When Hollywood isn't creating roles that fully maximise your comic potential, the only route left is to write one for yourself. That's what Kristen Wiig has done with Bridesmaids, giving herself a platform to finally prove what many have known for years, that she's the sharpest and funniest comic actress currently working in American cinema. As a showcase for Wiig, Bridesmaids is a knockout success, but as a film it's only successful in parts, and those parts don't always form a cohesive whole. On the one hand, this is a rather astute study of female bonds under duress and the doubts and fears that plague a single woman as she watches her lifelong friend move on with her life. On the other hand, it's a film in which women vomit on each other while another shits in the sink. It's almost like watching two different films, and only one of them really works.
More often than not, however, the film does work, and Wiig is a constant marvel to watch, attacking her role with enthusiasm and a complete absence of vanity. She plays Annie, a woman whose relationship and business fell apart at the same time and who now finds herself having to live with a weird English brother and sister (a cartoonish Matt Lucas and Rebel Wilson) and having occasional casual sex with a man who always treats her like dirt afterwards (John Hamm, playing the bastard to hilt). Annie's spiral of insecurity and self-loathing is exacerbated by the announcement that her lifelong friend Lillian (Maya Rudolph) is about to get married. Wiig is brilliant at portraying Annie's mixed emotions about this development, her nervous laughter as the news is broken to her revealing the panic lurking under her enthusiastic demeanour. Lillian asks Annie to be her Maid of Honour and this is where the problems begin, for Annie and the film.
At Lillian's engagement party, Annie is introduced to the rest of the bridesmaids who will accompany her down the aisle. The key character here is Helen (Rose Byrne), the rich wife of Lillian's fiancé's boss and a woman whom Lillian has apparently grown very close to, unbeknownst to Annie. There's an instant flash of jealousy in Annie's eyes as she fears her position as best friend and confidant has been usurped. Helen is effortlessly glamorous and ultra-controlling, but Byrne, giving an exceptional and revelatory performance, plays her as a woman whose life is empty despite having it all and whose need for Lillian's affections is as deep and as painful as Annie's, for different reasons. The two become locked in an excruciating game of one-upmanship during the speeches, and the bitter, tit-for-tat competition that will drive the narrative – and drive Annie to further depths of humiliation – is set in motion.

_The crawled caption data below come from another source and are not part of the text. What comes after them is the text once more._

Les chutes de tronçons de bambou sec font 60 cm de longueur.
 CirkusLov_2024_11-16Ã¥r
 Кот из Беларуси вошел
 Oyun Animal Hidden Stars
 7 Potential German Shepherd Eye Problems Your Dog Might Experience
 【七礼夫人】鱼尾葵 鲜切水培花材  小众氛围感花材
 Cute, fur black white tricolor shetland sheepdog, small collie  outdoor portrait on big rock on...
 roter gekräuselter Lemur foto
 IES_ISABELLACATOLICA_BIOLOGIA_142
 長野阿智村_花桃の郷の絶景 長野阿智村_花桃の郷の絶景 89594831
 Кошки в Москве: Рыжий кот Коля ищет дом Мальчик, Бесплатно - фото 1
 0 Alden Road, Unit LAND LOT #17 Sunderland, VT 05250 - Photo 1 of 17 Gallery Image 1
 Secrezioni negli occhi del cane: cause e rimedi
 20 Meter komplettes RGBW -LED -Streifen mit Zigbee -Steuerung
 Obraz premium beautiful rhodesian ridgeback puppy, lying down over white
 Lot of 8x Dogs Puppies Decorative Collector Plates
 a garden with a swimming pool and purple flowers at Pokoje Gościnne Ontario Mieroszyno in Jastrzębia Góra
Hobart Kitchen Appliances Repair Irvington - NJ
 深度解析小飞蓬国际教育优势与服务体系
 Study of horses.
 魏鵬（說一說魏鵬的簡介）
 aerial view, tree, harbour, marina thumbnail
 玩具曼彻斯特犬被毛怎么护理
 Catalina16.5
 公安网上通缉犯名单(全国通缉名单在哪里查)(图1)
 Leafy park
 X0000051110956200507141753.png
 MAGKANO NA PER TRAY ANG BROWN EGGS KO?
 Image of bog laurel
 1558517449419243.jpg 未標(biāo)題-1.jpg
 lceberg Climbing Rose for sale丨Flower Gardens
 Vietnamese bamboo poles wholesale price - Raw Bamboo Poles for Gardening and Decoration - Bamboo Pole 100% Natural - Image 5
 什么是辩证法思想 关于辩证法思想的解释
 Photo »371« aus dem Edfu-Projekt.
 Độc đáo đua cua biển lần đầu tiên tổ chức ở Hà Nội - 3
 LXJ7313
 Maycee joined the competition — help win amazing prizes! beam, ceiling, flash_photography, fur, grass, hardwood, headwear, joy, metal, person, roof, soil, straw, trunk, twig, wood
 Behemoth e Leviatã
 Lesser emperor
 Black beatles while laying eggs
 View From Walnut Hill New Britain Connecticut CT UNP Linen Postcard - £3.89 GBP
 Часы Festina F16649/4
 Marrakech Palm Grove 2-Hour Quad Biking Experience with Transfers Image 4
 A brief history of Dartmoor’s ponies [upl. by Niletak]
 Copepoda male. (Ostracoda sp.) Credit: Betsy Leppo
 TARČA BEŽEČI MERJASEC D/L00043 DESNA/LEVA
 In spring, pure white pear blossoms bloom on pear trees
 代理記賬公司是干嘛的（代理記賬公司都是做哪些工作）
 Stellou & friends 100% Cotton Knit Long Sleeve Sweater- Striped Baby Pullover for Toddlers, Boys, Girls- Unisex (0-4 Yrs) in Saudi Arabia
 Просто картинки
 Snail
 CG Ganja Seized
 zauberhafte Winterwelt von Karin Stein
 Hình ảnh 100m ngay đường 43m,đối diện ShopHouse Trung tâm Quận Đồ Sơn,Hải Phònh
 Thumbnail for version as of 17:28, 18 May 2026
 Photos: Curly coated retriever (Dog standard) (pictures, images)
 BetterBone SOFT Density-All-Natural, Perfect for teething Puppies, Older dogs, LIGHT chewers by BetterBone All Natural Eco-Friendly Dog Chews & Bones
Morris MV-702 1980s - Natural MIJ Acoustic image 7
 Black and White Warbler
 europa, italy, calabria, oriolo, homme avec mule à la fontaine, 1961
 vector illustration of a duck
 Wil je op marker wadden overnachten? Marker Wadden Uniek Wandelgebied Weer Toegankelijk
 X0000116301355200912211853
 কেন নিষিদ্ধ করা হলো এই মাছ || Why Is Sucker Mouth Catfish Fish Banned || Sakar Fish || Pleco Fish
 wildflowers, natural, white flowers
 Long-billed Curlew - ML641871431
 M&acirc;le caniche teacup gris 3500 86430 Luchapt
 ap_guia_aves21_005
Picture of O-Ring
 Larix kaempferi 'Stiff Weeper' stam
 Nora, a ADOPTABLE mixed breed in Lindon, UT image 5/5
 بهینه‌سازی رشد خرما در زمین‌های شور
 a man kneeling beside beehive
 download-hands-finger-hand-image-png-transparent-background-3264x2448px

All of which gives the rest of the characters very little to do. Melissa McCarthy makes the most of her opportunity as a randy, rotund bridesmaid, but the other two (played by Wendi McLendon-Covey and Ellie Kemper) barely register as characters at all and when they disappear from the movie in its second half they're not missed. There's also a romantic subplot involving Annie and a kind-hearted policeman (Chris O'Dowd), which is desperately underdeveloped, and some pointless scenes involving Annie's mother. Bridesmaids ends up feeling rather overstuffed and the pace of the film is slack. Many scenes run on a little too long and while there are great set-pieces (Annie's drug-induced misbehaviour on a plane is hilarious) and some fun recurring gags (the joke about men standing next to Annie being mistaken for her partner), the connective tissue between these highlights feels loose, with Paul Feig's TV-level direction doing little to tighten it up.
It's a shame that I felt disheartened when I looked at my watch after Annie's big wedding shower breakdown and saw that there was still half an hour to go, because I generally had a good time with Bridesmaids, it just needed to cut away some of the fat and focus on what's important. Scenes like Annie's aforementioned shower madness and the cripplingly unfunny explosion of bodily functions in a wedding dress shop feel too broad and crass against the subtle, incisive humour of that Lillian/Annie/Helen relationship, which is sometimes in danger of getting a little lost as Bridesmaids strives to have it all – the laughs, the raunch and the fairytale finale. All credit to Wiig and co. for ambition, but that expansive reach does threaten to dilute the very strengths that make Bridesmaids feel special in the first place.